Aufbaukommando (construction detail) – Ak Transports Ak I and Ak II

Deportation notice and instructions for boarding Transport Ak I.

Jewish Museum in Prague

The Aufbaukommando was a group of young Jewish men on construction detail. Its task was to adapt the empty military buildings in the garrison town of Terezín for the mass accommodation of Jewish deportees. The arrival of 342 men on the first Aufbaukommando (Ak I) on 24 November 1941 marked the beginning of the Terezín ghetto. The second Aufbaukommando (Ak II) arrived on Transport St on 4 December 1941. This group included the men that were to form the leadership of the newly established ghetto. The conditions upon arrival were very poor: large bare rooms in barracks, concrete floors without mattresses for sleeping, initially no provision of food, mail ban, no leaving the barracks without permission and only when accompanied by gendarmes. The qualified work performed by the members of the Aufbaukommando gave them a privileged position in the ghetto, which they retained until 1943. They and their immediate family members were protected from deportation to the East.

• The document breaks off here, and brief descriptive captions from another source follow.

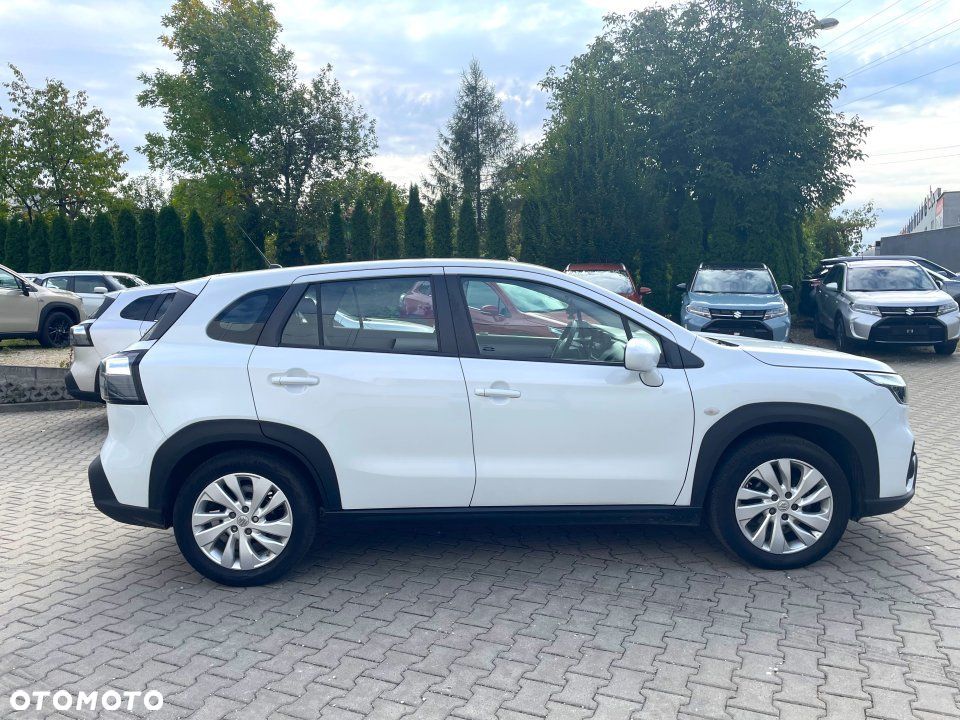 Suzuki SX4 S-Cross - 7
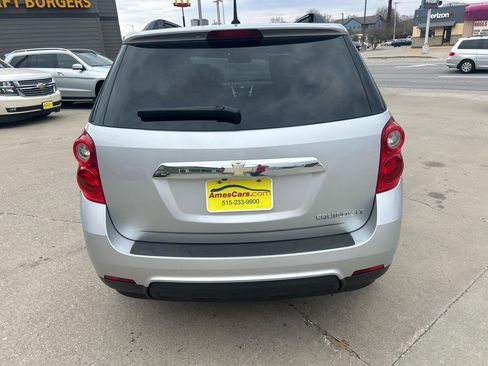 Used 2011 Chevrolet Equinox LT FWD image 4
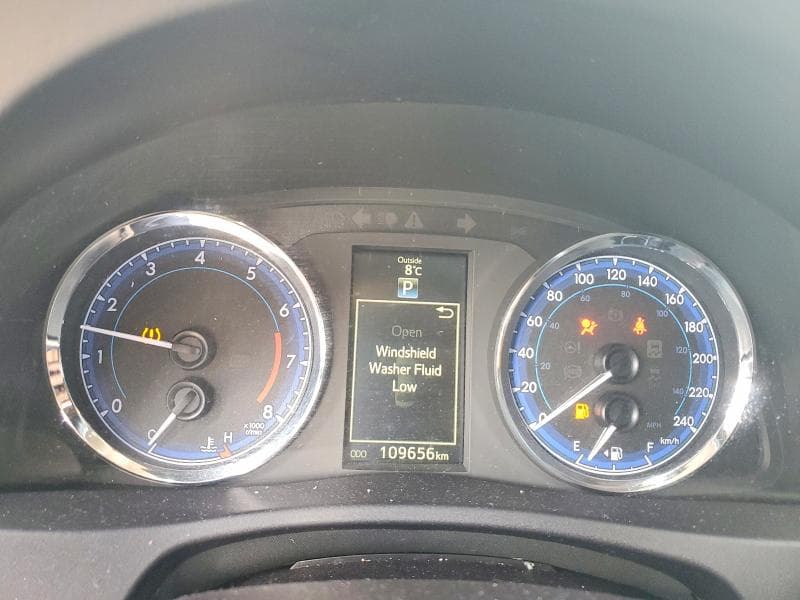 2018 TOYOTA COROLLA L 9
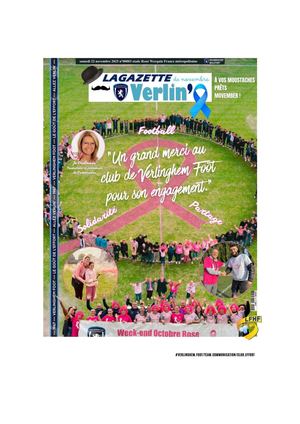 La Gazette N°3 Novembre 2025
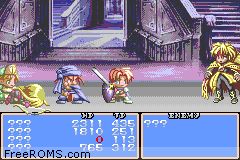 Tales Of Phantasia Screen Shot 2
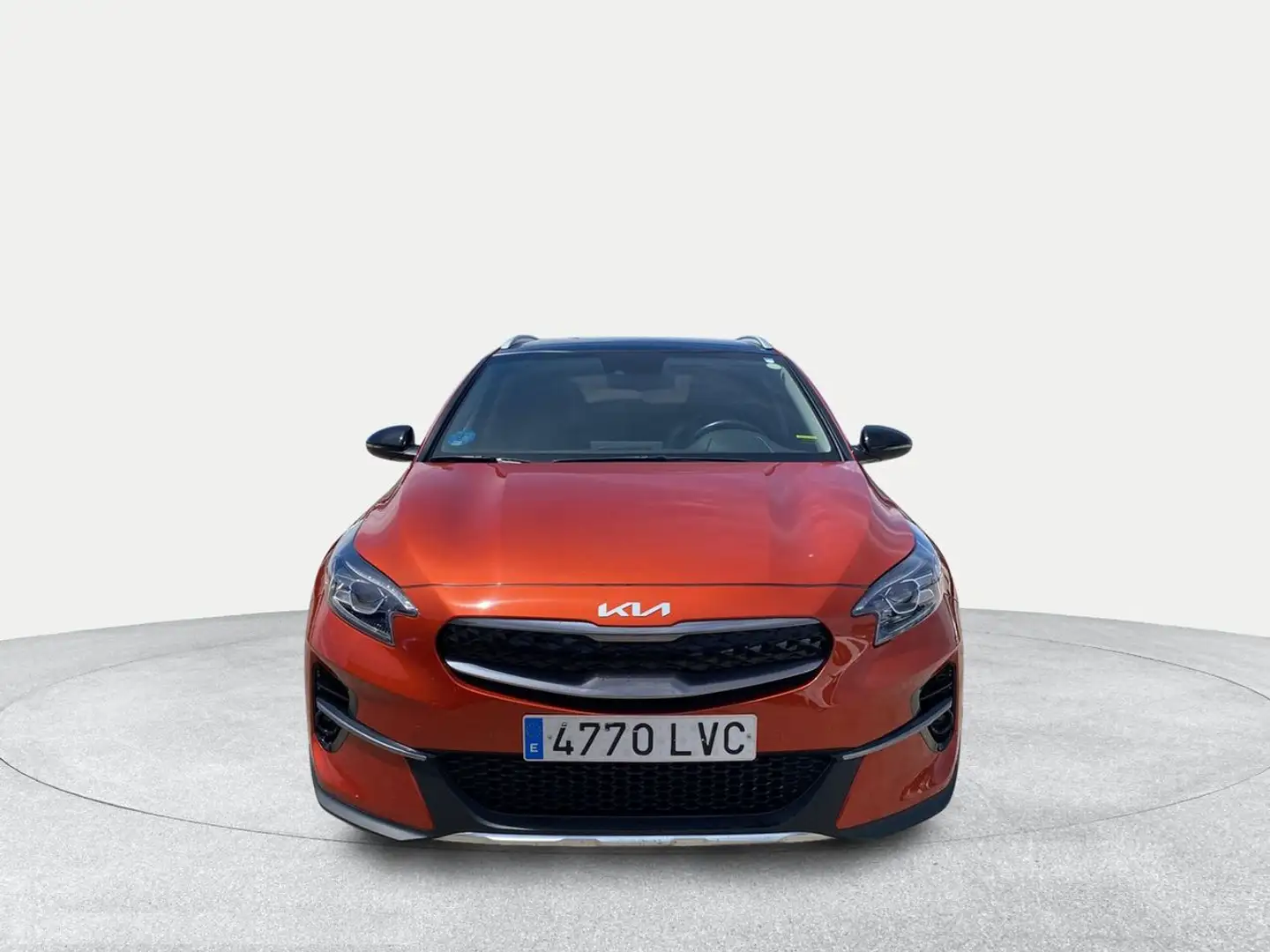 Kia XCeed 1.6 GDi PHEV 104kW (141CV) eMotion Orange - 2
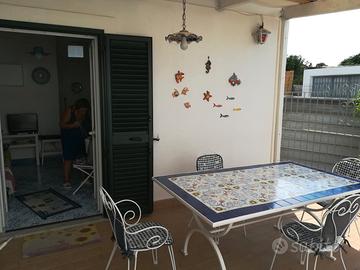 Casa indipendente con terrazzo a Forio d'Ischia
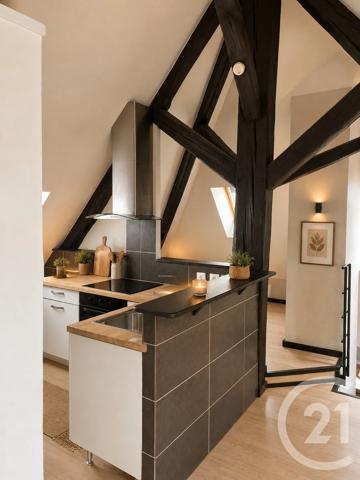Appartement à vendre  6 pièces - 95,42 m 2   HOUTAUD  - 25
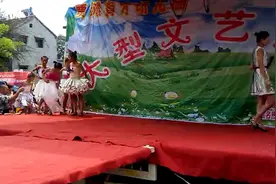 少女模特走秀完整版视频封面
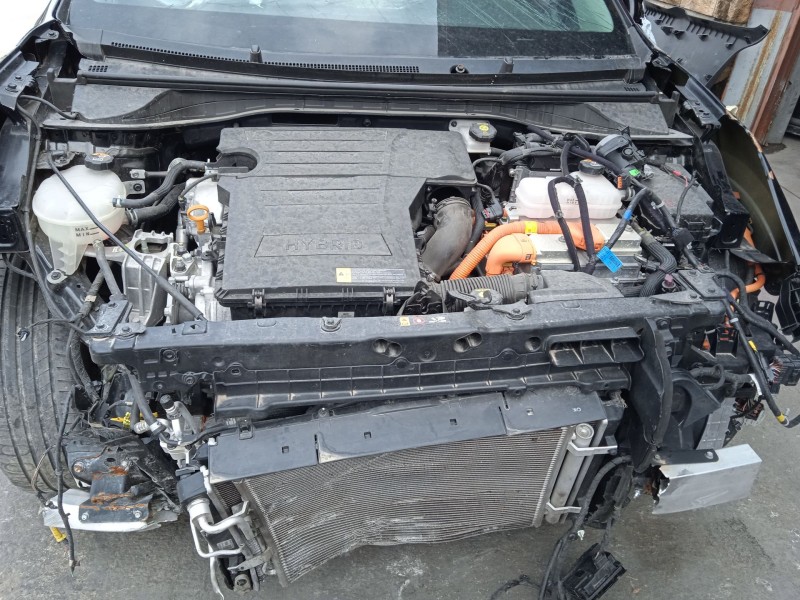 kia niro i (de) del año 2021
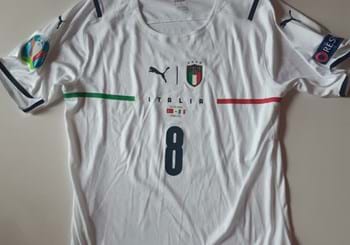 La maglia di Jorginho entra al Museo del Calcio 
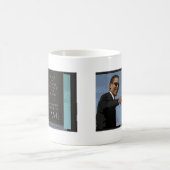 Mug Citation d'Obama (Centre)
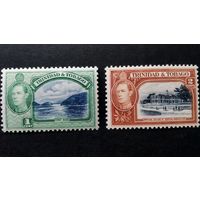 ВЕЛИКОБРИТАНИЯ \205вк\Тринидад и Тобаго 1938 Король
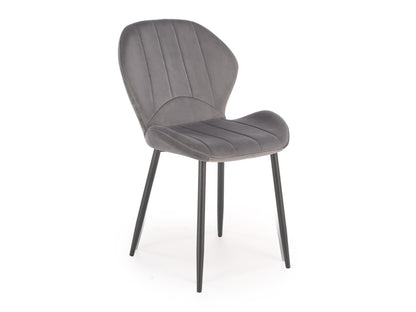 Kėdė K538 kėdė, pilka V-CH-K/538-KR-POPIELATY (Pilka)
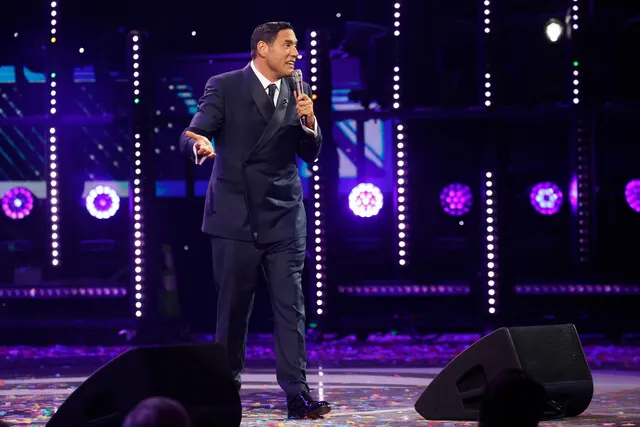 Los animadores responsabilizaron a la gente por no entregar la gaviota de oro a Anitta (Aton)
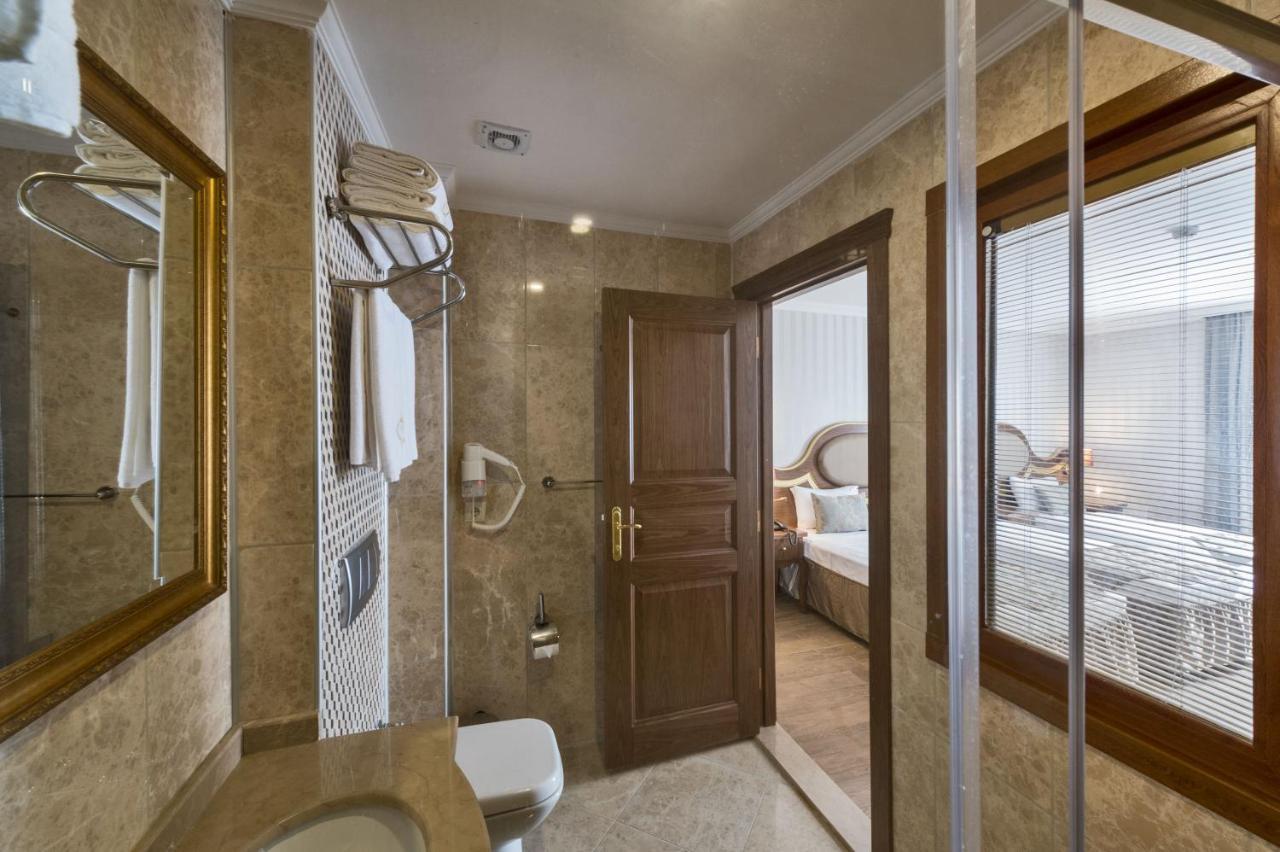 The Central Hotel Istanbul Rom bilde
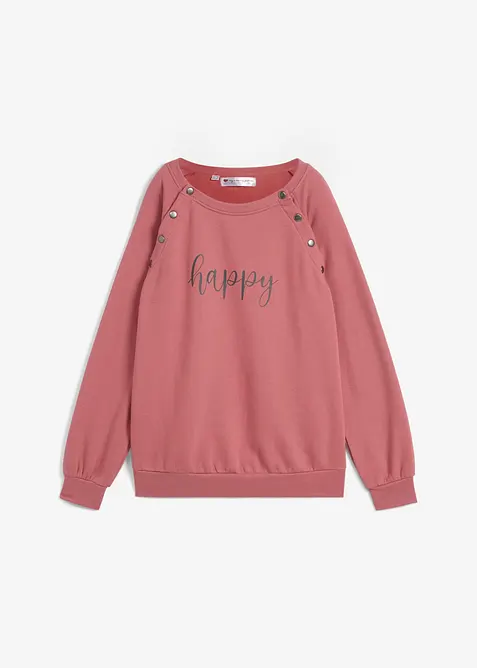 2-in-1 Umstands- und Still-Sweatshirt, bonprix
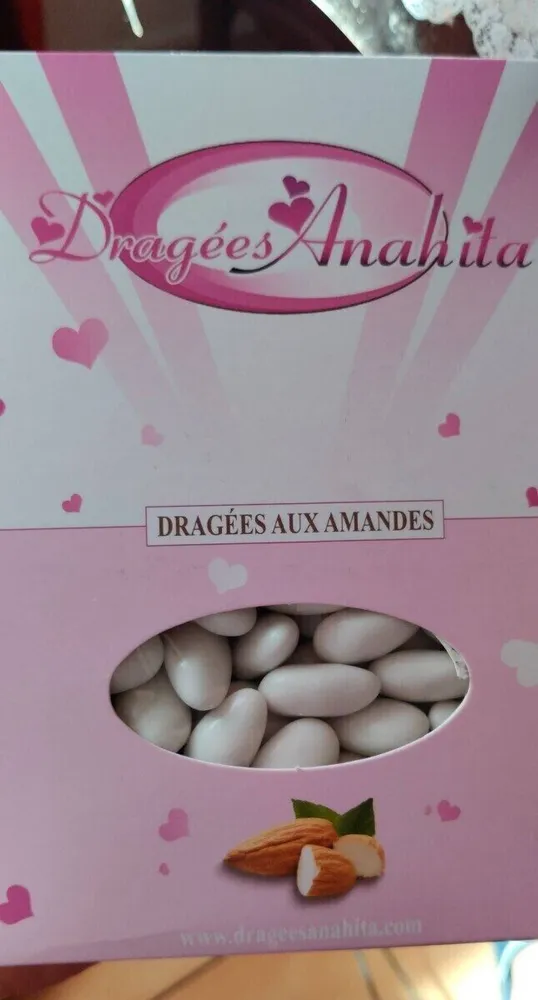 Dragées aux amandes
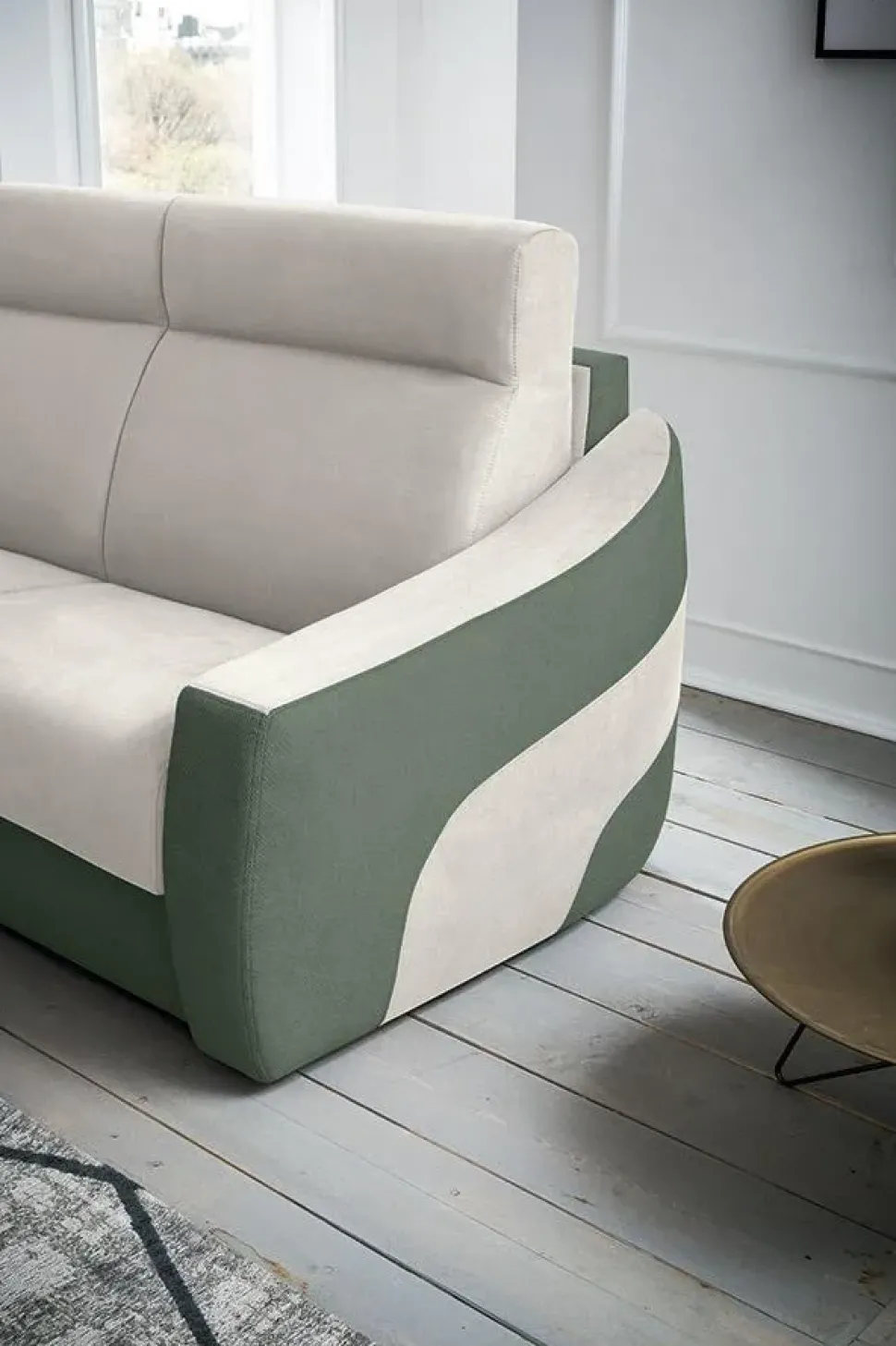 Divano letto XAVIER Felis sconto del 43%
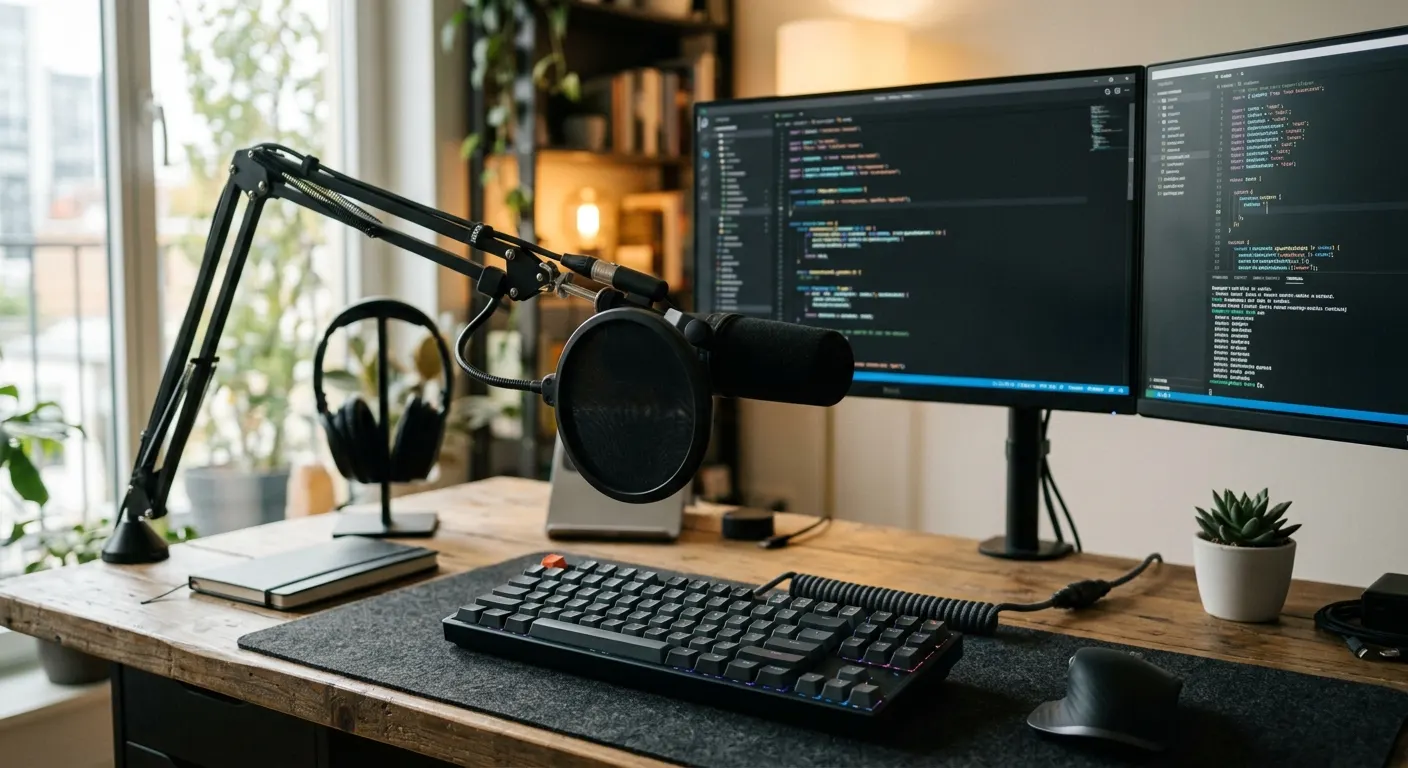 Whisper Accuracy Mic Test: What Actually Matters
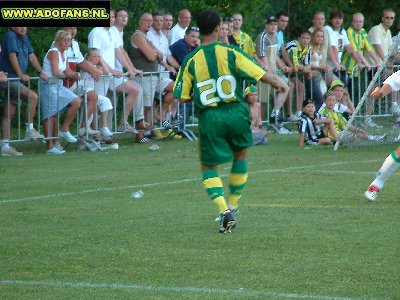 ADO Den Haag Bursa Spor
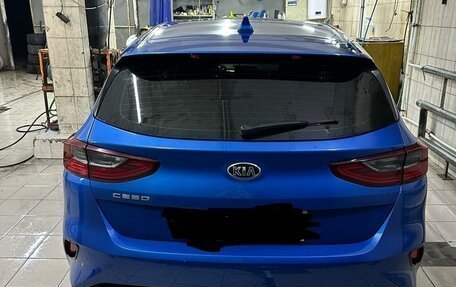 KIA cee'd III, 2019 год, 2 500 000 рублей, 10 фотография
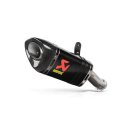 Akrapovic Slip-On Line (Carbon) für CFMOTO 450SR / 450NK BJ 24 - S-CF4SO1-APC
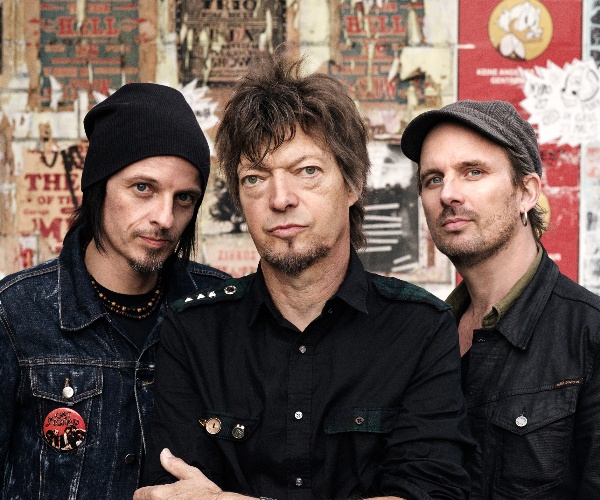 Geprügelte Hunde tanzen nicht: Rams' neue LP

In time, some members of the Aufbaukommando also gained a prominent position within the hierarchy of the Jewish administration. This protection no longer applied from September 1943 onwards. Of the 1,342 members of the two Aufbaukommando units, 1,216 were deported to the east. Only 388 of these prisoners survived Terezín and other concentration camps.

Brno

Courtyard of the Sudeten Barracks where the men from the Aufbaukommando were accommodated.